Repeat the listing below exactly. Pictures do not belong in the copy.
━━━━━━━━
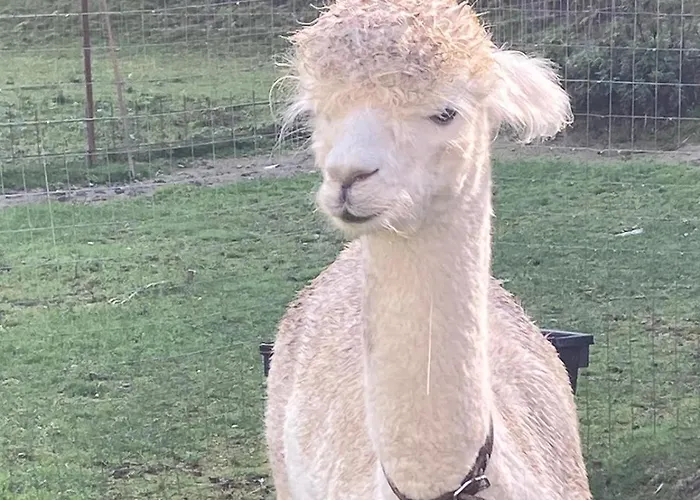 Le Petit Abri 3* Champoluc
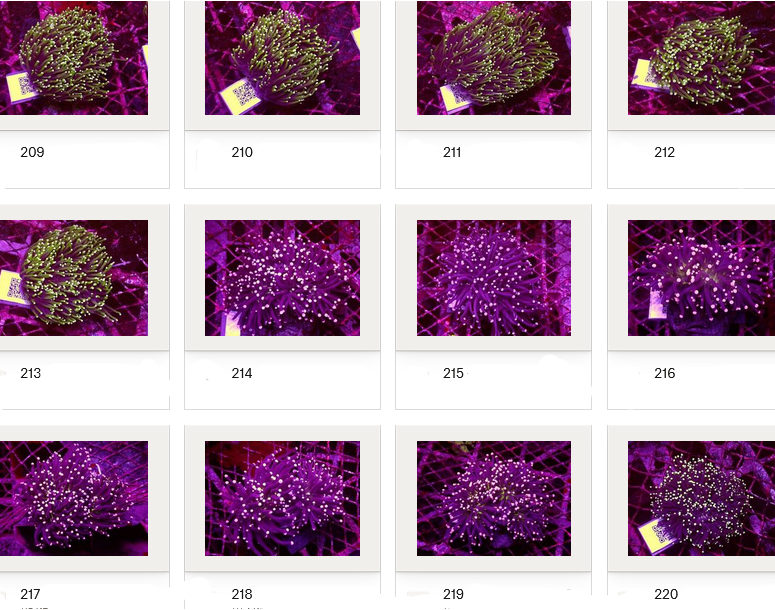 Kupang Corals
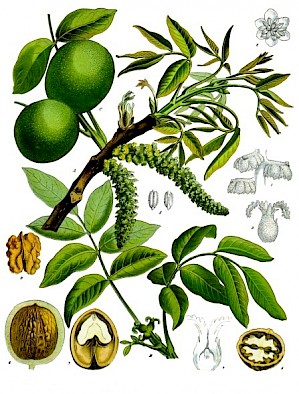 Juglans regia (PD)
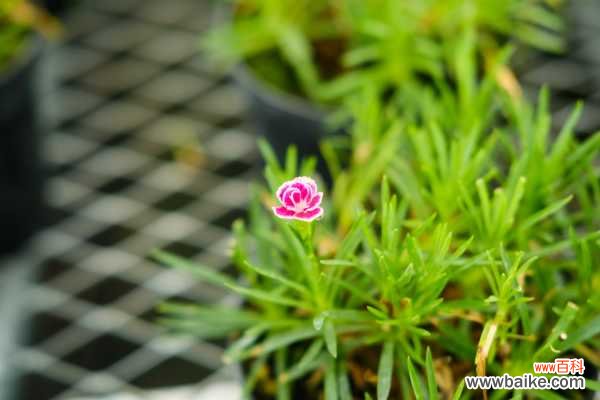 怎么避免康乃馨烂根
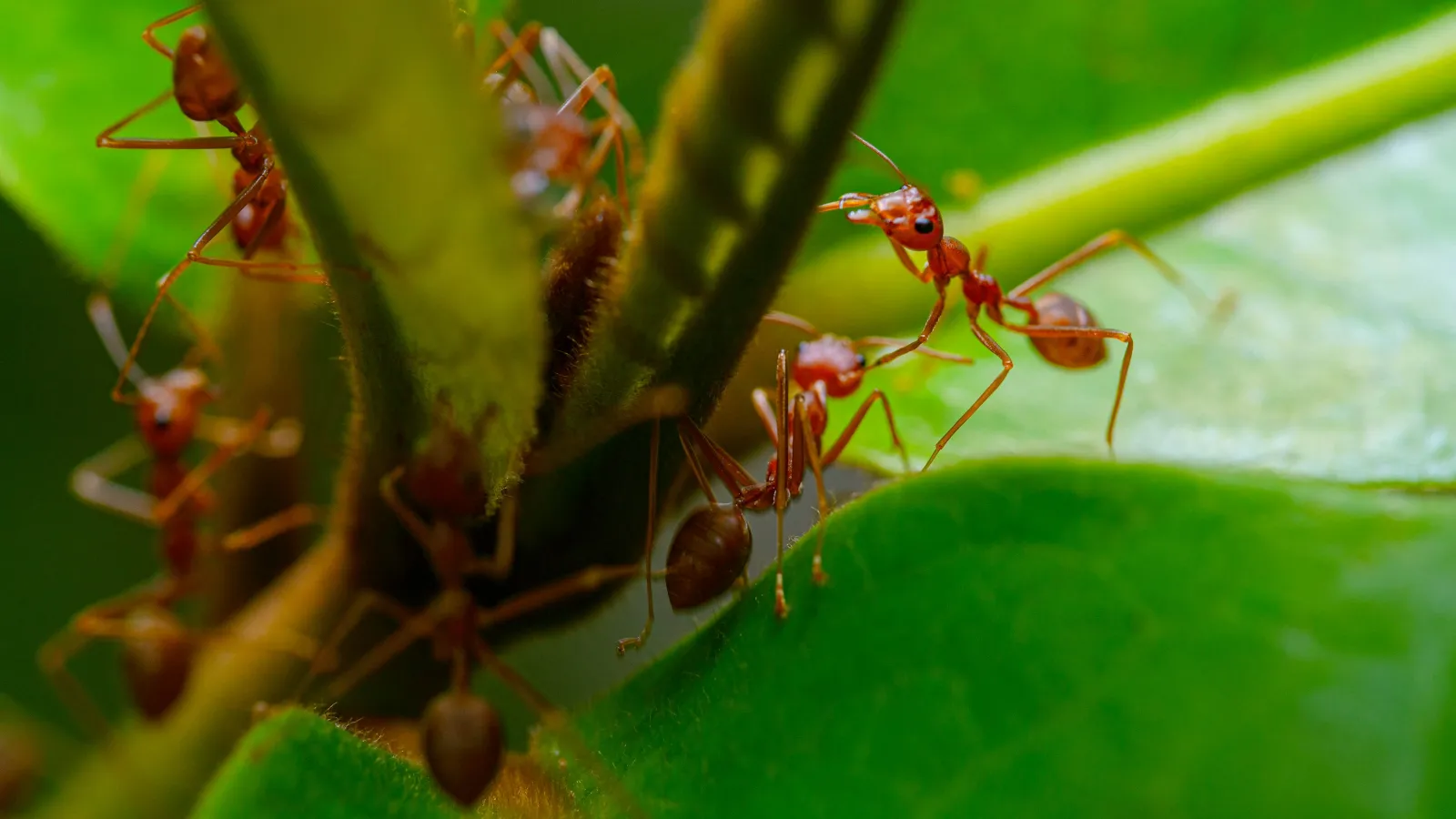 a close up of a bug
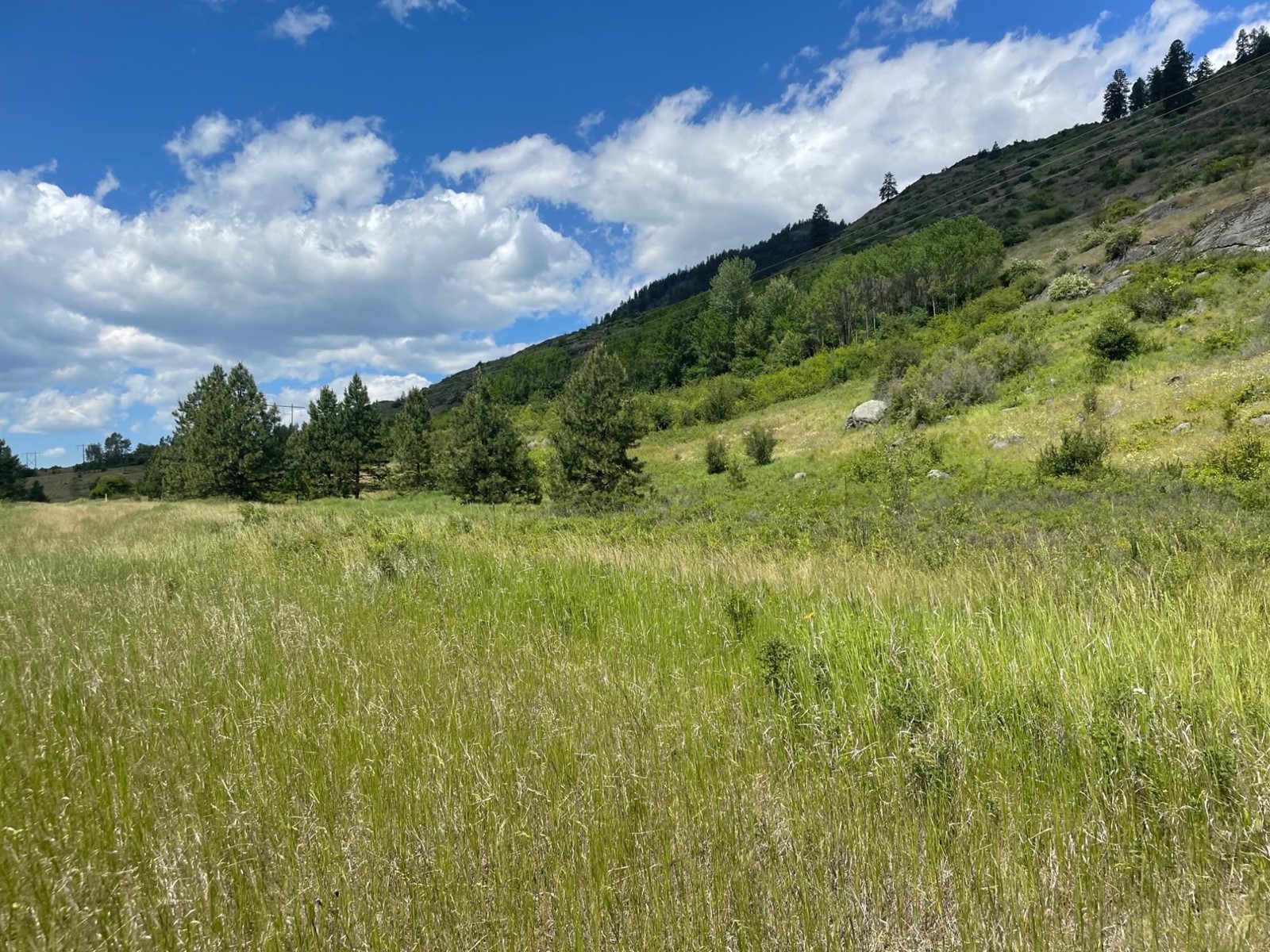 520 Highway 3, Christina Lake, British Columbia  V0H 1E0 - Photo 38 - 2477591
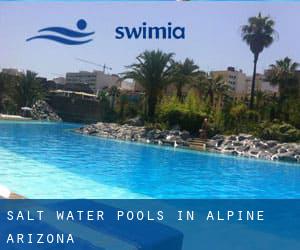 Salt Water Pools in Alpine (Arizona)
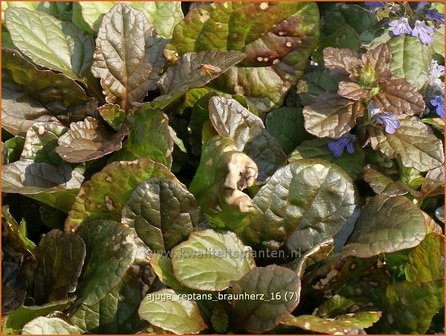 Ajuga reptans &#039;Braunherz&#039; | Zenegroen | Kriechender G&uuml;nsel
━━━━━━━━
• ANSWER TO THIS TASK
 Le Petit Abri 3* Champoluc
 Kupang Corals
 Juglans regia (PD)
 怎么避免康乃馨烂根
 a close up of a bug
 520 Highway 3, Christina Lake, British Columbia  V0H 1E0 - Photo 38 - 2477591
 Salt Water Pools in Alpine (Arizona)
 Ajuga reptans &#039;Braunherz&#039; | Zenegroen | Kriechender G&uuml;nsel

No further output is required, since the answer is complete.